Tasks and Channels - 2023.2 English

Vitis High-Level Synthesis User Guide (UG1399)

Document ID

UG1399

Release Date

2023-12-18

Version

2023.2 English

The original DATAFLOW model lets you write sequential functions, and then requires the AMD Vitis™ HLS tool to identify dataflow processes (tasks) and make them parallel, analyze and manage dependencies, perform scalar propagation and optimizations such as array-to-stream. Alternatively, the use of hls::task objects requires you to explicitly instantiate tasks and channels, managing parallelization yourself in your algorithm design. The purpose of hls::task is to define a programming model that supports parallel tasks using only streaming data channels. Tasks are not controlled by function call/return, but run whenever data is present in the input streams.

Tip: The hls::task library provides concurrent semantics so that the C-simulation will be consistent with the RTL. This eliminates some of the problems with the sequential dataflow model.

The following is an example of tasks and channels. You can see that only streaming interfaces (hls::stream or hls::stream_of_blocks) are used. You can also see that the top-level function defines the tasks and stream channels using the hls_thread_local keyword.

void func1(hls::stream<int> &in, hls::stream<int> &out1, hls::stream<int> &out2) {
  int data = in.read();
  if (data >= 10)
    out1.write(data);
  else
    out2.write(data);
}
void func2(hls::stream<int> &in, hls::stream<int> &out) {
  out.write(in.read() + 1);
}
void func3(hls::stream<int> &in, hls::stream<int> &out) {
  out.write(in.read() + 2);
}
void top-func(hls::stream<int> &in, hls::stream<int> &out1, hls::stream<int> &out2) {
  hls_thread_local hls::stream<int> s1; // channel connecting t1 and t2
  hls_thread_local hls::stream<int> s2; // channel connecting t1 and t3
 
  hls_thread_local hls::task t1(func1, in, s1, s2); // t1 infinitely runs func1, with input in and outputs s1 and s2
  hls_thread_local hls::task t2(func2, s1, out1);   // t2 infinitely runs func2, with input s1 and output out1
  hls_thread_local hls::task t3(func3, s2, out2);   // t3 infinitely runs func3, with input s2 and output out2
}

The hls::task objects are variables that should be declared as hls_thread_local to keep the variable and the underlying thread alive across multiple calls of the instantiating function (top_func) in the example above. The task objects implicitly manage a thread that runs a function continuously, such as func1, func2, or func3 in the example above. The function is the task body, and has an implicit infinite loop around it.

Each hls::task must be passed a set of arguments that include the function name, input and output channels hls::streams or hls::stream_of_blocks. hls::task objects typically only read and write streaming channels hls::stream and hls::stream_of_blocks.

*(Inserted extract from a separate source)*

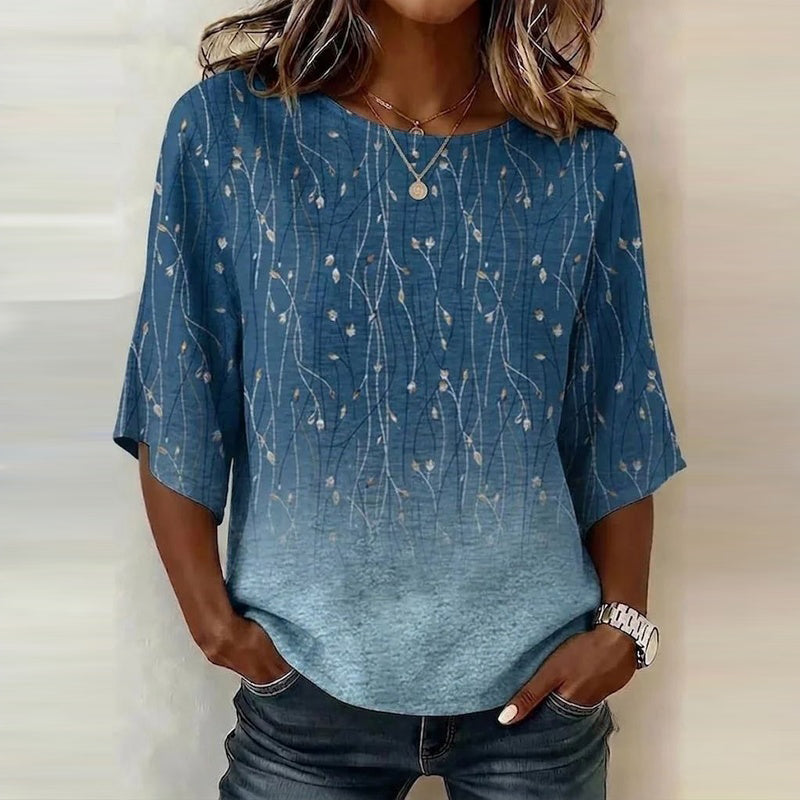 Eelene - Blusa Vintage Com Estampado De Folhas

Both hls::task and the channels that connect to them must be declared as hls_thread_local. The channels must be declared hls_thread_local to keep them alive across calls of the top-level function. Non-stream data, such as scalar and array variables, must all be local to the task functions and cannot be passed as arguments, except as noted in Stable M_AXI and S_AXILITE Accesses below.

Important: Inclusion of hls_task.h makes hls::stream and hls::stream_of_blocks read calls blocking in C-simulation. This means that code that previously relied on reading an empty stream will now result in deadlock during simulation.

Unsynchronized Pointer to Array and Scalar I/O Access

You can also pass scalar values (both local and top-level arguments) and pointers to array arguments in the top-level function, provided that they are marked with the STABLE pragma or directive as described in Un-synchronized I/O in Data-Driven TLP. You must also be careful to ensure that either their value never changes during kernel execution (this is virtually impossible to ensure with hls::task instantiated alone at the top, without regular dataflow processes), or the kernel behavior does not depend on when these arguments change value. For example the process can tolerate a value change at an arbitrary point in time, or some other stream-based synchronization mechanism is used to regulate their access.

Scalar values are passed by reference:

void test(hls::stream<int> &in, hls::stream<int> &out, int &n)

Stable top pointers with the m_axi protocol and an s_axilite offset must be enabled for C/RTL Co-simulation using the cosim.enable_tasks_with_m_axi command as described in Co-Simulation Configuration.

The following is an example of an hls::task design with a stable by-reference scalar argument, whose behavior is by and large insensitive to the exact timing of a change of value of that argument:

void task1(hls::stream<int> &in, hls::stream<int> &out) {
...
}

void task2(hls::stream<int> &in, hls::stream<int> &out) {
...
}

void task3(hls::stream<int> &in, hls::stream<int> &out, int &n) {
  int c = in.read();
  out.write(c + n);
}

void test(hls::stream<int> &in, hls::stream<int> &out, int &n) {
#pragma HLS stable variable=n
  HLS_TASK_STREAM<int> s1;
  HLS_TASK_STREAM<int> s2;
  HLS_TASK t1(task1, in, s1);
  HLS_TASK t2(task2, s1, s2);
  HLS_TASK t3(task3, s2, out, n);
}

The following example shows an hls::task design with a stable m_axi pointer argument in the top-level function. Any accesses to the underlying DRAM buffer will be unsychronized with the process of the function. The if (mem) statement can be used to ensure that the DRAM buffer is accessed only after the host code has initialized the offset register with the address of the buffer in DRAM.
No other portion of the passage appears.